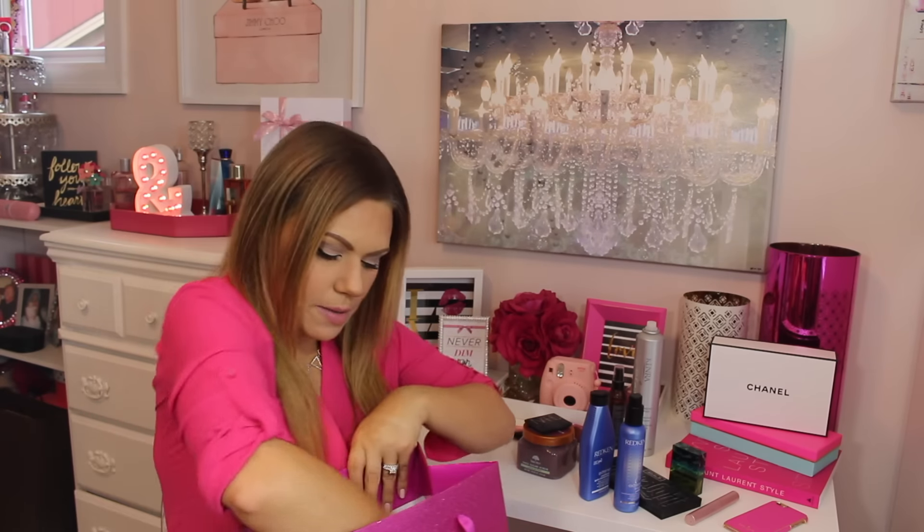For highlight I've been using NARS Albatross — it's a really pretty highlight. I know that Kim Kardashian used that color to highlight at some point. I put this in here because even though I just got it, it is already a favorite of mine. I also have the Becca Luminous Flush Blush in Camilla — I do have it on today, though with all my lights on things might be washed out.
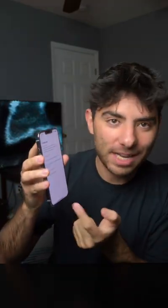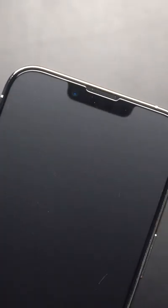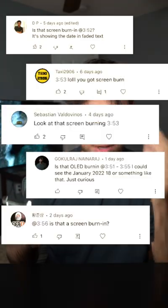As you guys know, I made a video about this screen protector right here — it's a matte screen protector. You guys were asking, 'Hey, does your screen have burn-in?' For a second I got really, really nervous, because this is a brand new iPhone 13 Pro and I only got it like six months ago.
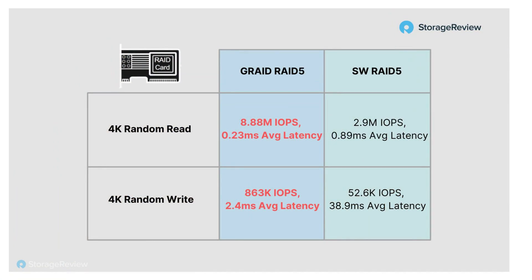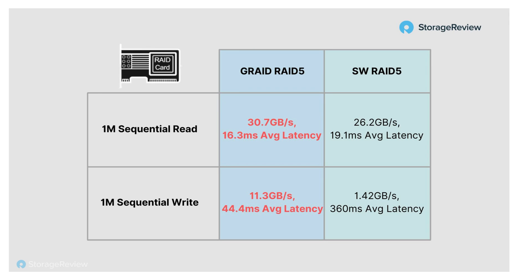One limitation at the start of the review was that it was Linux only — now Windows is coming as well, we're told, in process. On sequential performance, there's not as big a difference between the read performance of GRAID versus software RAID 5, though it still has a lead there. The main difference is a 10x improvement on sequential write performance: 11.3 gigabytes per second versus 1.42 gigabytes per second, and again a large latency difference at the same workload level.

# [Your task]
Would you repeat each line of the listing exactly, skipping any picture?

# [Result below]
For highlight I've been using NARS Albatross — it's a really pretty highlight. I know that Kim Kardashian used that color to highlight at some point. I put this in here because even though I just got it, it is already a favorite of mine. I also have the Becca Luminous Flush Blush in Camilla — I do have it on today, though with all my lights on things might be washed out.
As you guys know, I made a video about this screen protector right here — it's a matte screen protector. You guys were asking, 'Hey, does your screen have burn-in?' For a second I got really, really nervous, because this is a brand new iPhone 13 Pro and I only got it like six months ago.
One limitation at the start of the review was that it was Linux only — now Windows is coming as well, we're told, in process. On sequential performance, there's not as big a difference between the read performance of GRAID versus software RAID 5, though it still has a lead there. The main difference is a 10x improvement on sequential write performance: 11.3 gigabytes per second versus 1.42 gigabytes per second, and again a large latency difference at the same workload level.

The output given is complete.